EXTRACTED ENTRIES: Begin

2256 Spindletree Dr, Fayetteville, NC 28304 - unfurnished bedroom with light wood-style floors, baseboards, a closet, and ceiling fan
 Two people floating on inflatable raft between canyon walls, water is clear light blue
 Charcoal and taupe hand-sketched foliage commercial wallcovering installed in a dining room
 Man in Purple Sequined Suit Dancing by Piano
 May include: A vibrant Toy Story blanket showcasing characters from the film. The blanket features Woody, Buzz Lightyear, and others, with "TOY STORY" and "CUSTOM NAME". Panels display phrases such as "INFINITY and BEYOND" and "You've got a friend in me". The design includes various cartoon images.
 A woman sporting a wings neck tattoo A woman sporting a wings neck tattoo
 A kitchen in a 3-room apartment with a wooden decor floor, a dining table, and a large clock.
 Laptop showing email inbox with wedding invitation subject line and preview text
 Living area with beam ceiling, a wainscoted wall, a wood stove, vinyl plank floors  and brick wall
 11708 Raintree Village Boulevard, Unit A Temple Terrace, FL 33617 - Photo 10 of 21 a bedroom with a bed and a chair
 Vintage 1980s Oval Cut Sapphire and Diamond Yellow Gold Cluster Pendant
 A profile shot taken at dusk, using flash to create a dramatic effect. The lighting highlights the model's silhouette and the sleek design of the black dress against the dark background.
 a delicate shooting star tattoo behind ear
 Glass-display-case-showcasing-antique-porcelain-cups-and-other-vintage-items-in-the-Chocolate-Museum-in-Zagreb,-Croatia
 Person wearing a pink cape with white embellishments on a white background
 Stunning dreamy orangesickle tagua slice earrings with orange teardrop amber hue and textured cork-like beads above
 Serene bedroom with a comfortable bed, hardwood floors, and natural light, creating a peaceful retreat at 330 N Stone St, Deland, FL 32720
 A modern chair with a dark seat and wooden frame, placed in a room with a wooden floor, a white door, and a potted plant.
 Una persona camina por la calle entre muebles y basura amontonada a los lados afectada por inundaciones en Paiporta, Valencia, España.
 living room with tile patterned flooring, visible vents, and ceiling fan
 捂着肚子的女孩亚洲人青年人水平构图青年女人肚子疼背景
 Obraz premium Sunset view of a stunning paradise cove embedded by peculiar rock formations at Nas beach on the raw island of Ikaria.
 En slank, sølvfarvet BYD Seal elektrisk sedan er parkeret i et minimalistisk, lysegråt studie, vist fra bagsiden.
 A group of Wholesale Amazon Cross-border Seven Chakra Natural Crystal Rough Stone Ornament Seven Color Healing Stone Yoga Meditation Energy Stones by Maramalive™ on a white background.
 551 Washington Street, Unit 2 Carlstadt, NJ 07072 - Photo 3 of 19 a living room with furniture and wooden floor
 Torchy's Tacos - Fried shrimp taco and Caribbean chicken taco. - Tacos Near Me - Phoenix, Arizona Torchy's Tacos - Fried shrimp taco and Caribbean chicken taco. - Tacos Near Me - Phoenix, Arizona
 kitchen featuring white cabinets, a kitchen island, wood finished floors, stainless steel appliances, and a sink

EXTRACTED ENTRIES: End

◆ **TASK GOAL**
What lines in the records above include the string "floors"? Copy each one.

◆ **SOLUTION TO THIS PROBLEM**
2256 Spindletree Dr, Fayetteville, NC 28304 - unfurnished bedroom with light wood-style floors, baseboards, a closet, and ceiling fan
 Living area with beam ceiling, a wainscoted wall, a wood stove, vinyl plank floors  and brick wall
 Serene bedroom with a comfortable bed, hardwood floors, and natural light, creating a peaceful retreat at 330 N Stone St, Deland, FL 32720
 kitchen featuring white cabinets, a kitchen island, wood finished floors, stainless steel appliances, and a sink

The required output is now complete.